Im Hinblick auf den 2. Lockdown hat der BGH mit Urteil vom 26.1.2022 (IV ZR 144/21) entschieden, dass bei einer Bedingungslage mit einem im Klauselwerk aufgeführten Katalog von Krankheiten und Krankheitserregern Versicherungsschutz nur für Betriebsschließungen besteht, die zur Verhinderung der Verbreitung von meldepflichtigen Krankheiten oder Krankheitserregern angeordnet werden. Die meldepflichtigen Krankheiten oder Krankheitserreger ergeben sich aus dem in dem Klauselwerk aufgeführten Katalog (hier gem. § 1 Ziffer 2 AVB-BS), der abschließend ist und weder die Krankheit COVID-19 noch den Krankheitserreger SARS-CoV-2 aufführt. Die dortigen Ausführungen gelten vorliegend entsprechend, dem hiesigen Vertrag liegen im Wesentlichen vergleichbare Bedingungen mit einem entsprechenden Katalog zugrunde.
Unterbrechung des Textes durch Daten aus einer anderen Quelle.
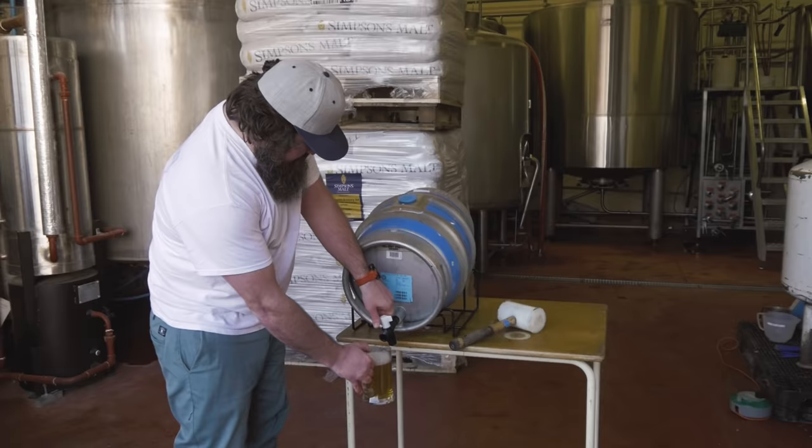All we need now is a glass and you're ready to pour some beer. There you go! I hope you enjoyed the video and enjoy the beer. Cheers!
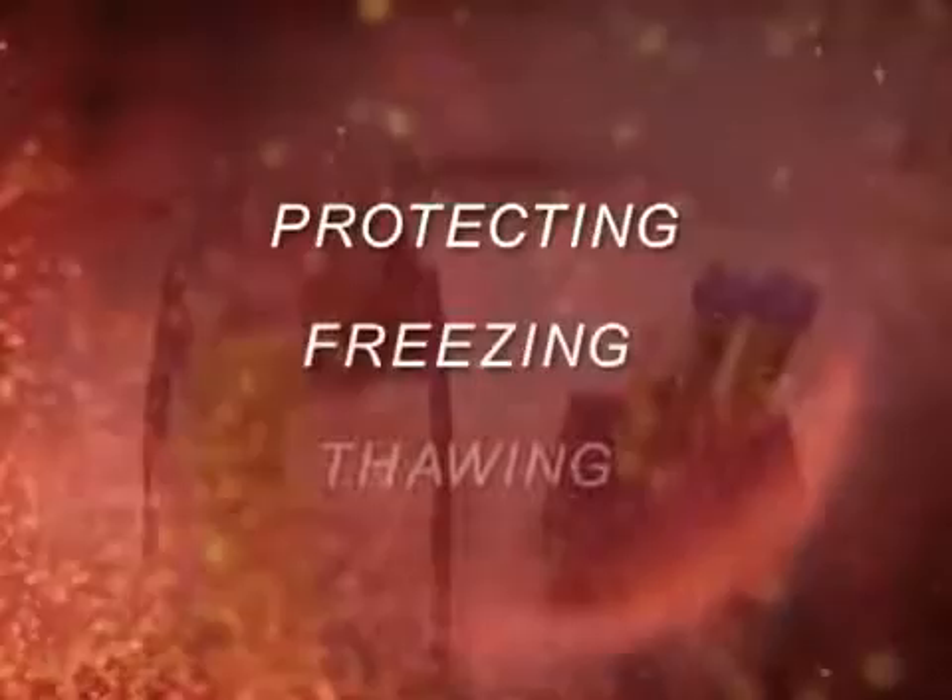Droplet freezing can be divided into three main stages: protecting, freezing, and thawing.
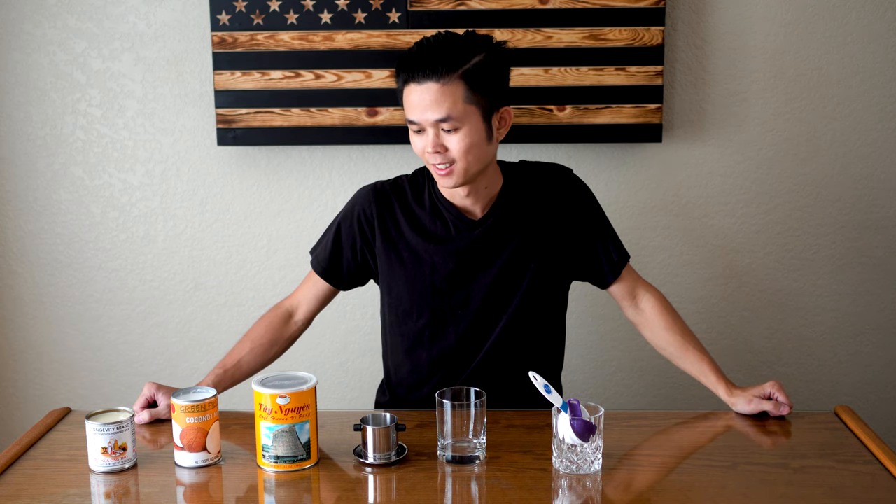What's up everybody, today I'm going to be making some Vietnamese iced coffee with coconut milk. This is a recipe that I discovered on my trip to Vietnam last year. I've been drinking Vietnamese coffee my whole life but didn't know people actually added coconut milk to it.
Dies hat der BGH in der Folgezeit auch für den 2. Lockdown bestätigt (vgl. BGH, Beschl. v. 24.1.2023 - IV ZR 18/22). Gesichtspunkte, die eine abweichende Entscheidung rechtfertigen könnten, waren nicht ersichtlich. Soweit die Klägerin sich auf das Urteil des BGH vom 18.1.2023 (IV ZR 465/21) berufen hatte, betraf diese Entscheidung einen Versicherungsvertrag mit anderen Bedingungen.